🤖 AI Summary
In self-supervised point cloud learning, existing masked modeling approaches rely on random masking, which fails to capture part-level semantic relationships and thus limits representation generalizability. To address this, we propose the Semantic Masked Autoencoder (SMAE). First, SMAE constructs part-level semantic prototypes to enable interpretable, semantics-guided representation learning. Second, it introduces a semantic-aware masking strategy that prioritizes masking semantically coherent regions to enhance structural understanding. Third, it incorporates a semantic-enhanced prompt fine-tuning mechanism to improve transferability to downstream tasks. Evaluated on ScanObjectNN, ModelNet40, and ShapeNetPart, SMAE achieves significant improvements in both classification and part segmentation performance. Our results demonstrate that explicit semantic modeling—particularly at the part level—is critical for advancing unsupervised point cloud representation learning. The proposed framework bridges the gap between low-level geometric structure and high-level semantic abstraction, offering a principled approach to semantics-aware self-supervision in 3D point clouds.
📝 Abstract
Point cloud understanding aims to acquire robust and general feature representations from unlabeled data. Masked point modeling-based methods have recently shown significant performance across various downstream tasks. These pre-training methods rely on random masking strategies to establish the perception of point clouds by restoring corrupted point cloud inputs, which leads to the failure of capturing reasonable semantic relationships by the self-supervised models. To address this issue, we propose Semantic Masked Autoencoder, which comprises two main components: a prototype-based component semantic modeling module and a component semantic-enhanced masking strategy. Specifically, in the component semantic modeling module, we design a component semantic guidance mechanism to direct a set of learnable prototypes in capturing the semantics of different components from objects.
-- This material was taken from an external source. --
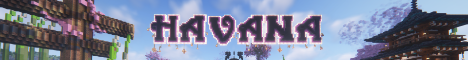 HavanaSMP's banner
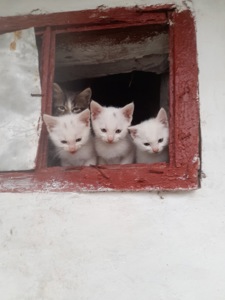 Кошенята шукають родини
Leveraging these prototypes, we develop a component semantic-enhanced masking strategy that addresses the limitations of random masking in effectively covering complete component structures. Furthermore, we introduce a component semantic-enhanced prompt-tuning strategy, which further leverages these prototypes to improve the performance of pre-trained models in downstream tasks. Extensive experiments conducted on datasets such as ScanObjectNN, ModelNet40, and ShapeNetPart demonstrate the effectiveness of our proposed modules.